If I understand correctly, you have a Create Event form on your page and you want to send an AJAX request to create a new event. Then you want to replace a section in your page #content with the results of the CreateEvent action.

It looks like your AJAX is set up correctly so that CreateEvent returns a successful response. I think you're now confused about the response. You have several options but let's choose two.

JSON response

[HttpPost]
public ActionResult CreateEvent(EventModel model)
{
    if(ModelState.IsValid)
    {
        var event = service.CreateEvent(model); // however you create an event
        return Json(event);
    }
    else
    {
        // model is not valid so return to original form
        return View("Index", model);
    }
    ...

Now you need to generate html markup from the JSON and insert it into #content.

$.ajax({
    url: submitUrl, type: "POST", traditional: true,
    data: { EventName: 'Name of event'},
    success: function(data){
        var obj = JSON.Parse(data);
        var html; // build html with the obj containing server result
        $("#content").html(html);
    }
})

or HTML fragment

Instead of returning a full page with a Layout defined we'll return just a PartialView without Layout and all the head and script tags.

[HttpPost]
public ActionResult CreateEvent(EventModel model)
{
    if(ModelState.IsValid)
    {
        var event = service.CreateEvent(model); // however you create an event
        return PartialView("CreateEventResult", event);
    }
    else
    {
        // model is not valid so return to original form
        return View("Index", model);
    }
}

Now make a new partial view CreateEventResult.cshtml (Razor)

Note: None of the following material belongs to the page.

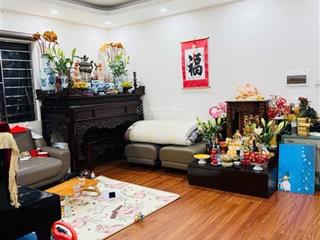 Căn hộ lô góc tầng trung phòng nào cũng có cửa sổ mặt phố bùi xương trạch 2pn 2wc giá 5,75 tỷ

@model Namespace.EventModelResult
@ {
    Layout = null;
}
<div>
    <!-- this stuff inserted into #content -->
    @Model.Date
    ...
</div>

and the javascript is unchanged

$.ajax({
    url: submitUrl, type: "POST", traditional: true,
    data: { EventName: 'Name of event'},
    success: function(data){
        $("#content").html(data);
    }
})

Edit: If your Event creation fails for any reason after you have validated the input, you'll have to decide how you want to respond. One option is to add a response status to the object you return and just display that instead of the newly created Event.